Mme Julie Plegades (née Nicouleau)
Date de naissance : 19/02/1896
Date de décès : 14/03/1959
Profession : Agricultrice
Particularité : Information non disponible

M. Louis Plegades
Date de naissance : 08/06/1884
Date de décès : 21/07/1957
Profession : Agriculteur
Particularité : Information non disponible

Localisation

Localite : Lacaune
Département : Tarn
Région : Midi-Pyrénées
Pays : France

Cérémonies de reconnaissance

Date : 19 mai 2005
Lieu : Mairie de Laval Roqueceziere ()

Personnes sauvées

Mme Fanny Boleslawski (née Lichtensztejn)

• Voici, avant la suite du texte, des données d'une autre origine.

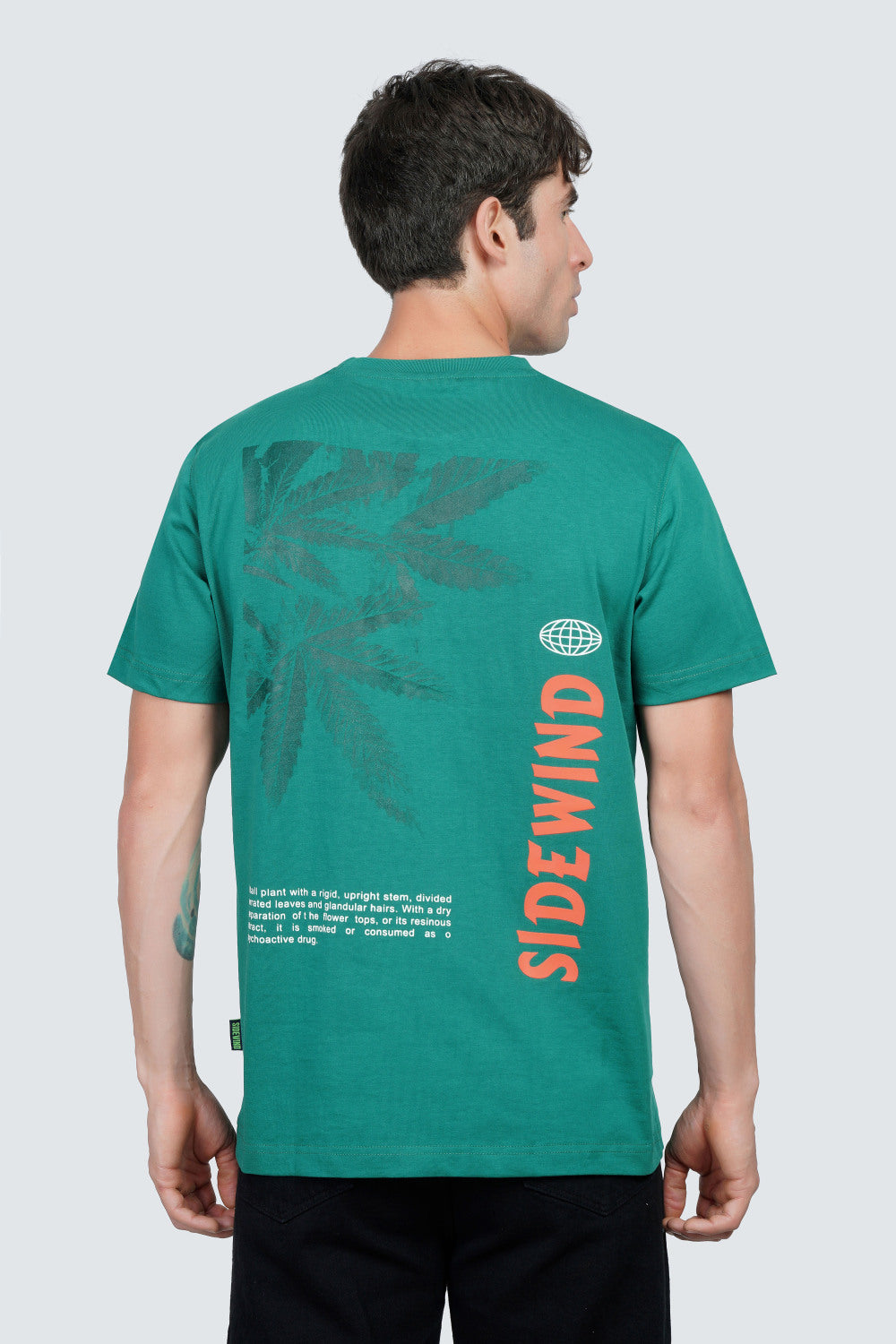 SIDEWIND Regular Tee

Mme Berthe Burko (née Falcman)

Mme Rayzla Falcman

Mme Hélène Lichtensztejn

Lieux de mémoire

Allée des Justes à Jérusalem
Allée des Justes à Paris

L'histoire

Joseph Vergnet Julie et Louis Plegades, agriculteurs à Peyronnenc commune de Saint Sernin sur Rance  (Aveyron), avaient cinq enfants. Louis avait combattu durant trois ans pendant la Guerre de 1914-1918 et avait été prisonnier des Allemands. Il « ne pouvait assister impassible à cette nouvelle et terrible injustice qu’était la guerre 1939-1945 ». Pour le couple « cacher, protéger, nourrir ses victimes était un devoir sacré et une manière de participer au retour de la liberté », a témoigné leur fille Augusta, 10 ans à l’époque. Leur fils René, 23 ans, réfractaire du STO, s’engagea dans les FFI. En juin 1944, les Plegades ont accueilli 4 fugitives juives : Mme Falcman et sa fille Berthe ainsi que Mme Lichtensztein et sa fille Fanny. Elles étaient arrivées de Lacaune (Tarn), accompagnées en voiture par Joseph Vergnet qui, indigné par les rafles précédentes d’août 1942 et de février 1943 où 118 victimes avaient été déportées dans l’Est, venait les mettre à l’abri dans la Louis & Julie Plegades ferme isolée de ses cousins, les Plegades. Contrôleur des impôts habitant à Lacaune, il y avait rencontré les deux femmes, assignées à résidence, après l’arrestation et la déportation de leurs maris respectifs. Elles y subsistèrent de travaux de couture et d’agriculture. Quand les rumeurs d’une nouvelle rafle commencèrent à circuler à Lacaune en juin 1944, Joseph prit les deux femmes sous sa protection. Elles avaient bénéficié auparavant de l’aide d’Henri Andekerk*, des Devau* et de Louise Fourgassié* de Lacaune. La propriété des Plegades servait de refuge à d’autres personnes recherchées qui formaient une « grande famille » nourrie des produits de la ferme. Les quatre femmes furent logées dans une grange qui communiquait avec la maison centrale par une ouverture dissimulée derrière une armoire. Elles n’en sortaient que la nuit et dans la journée faisaient des travaux de couture. Les Plegades les cachèrent durant les derniers mois critiques précédant la Libération et assurèrent leur survie avec courage et générosité.

Le 29 février 2004, l'Institut Yad Vashem de Jérusalem a décerné à Julie et Louis Plegades ainsi quà Joseph Vergnet le titre de Juste parmi les Nations.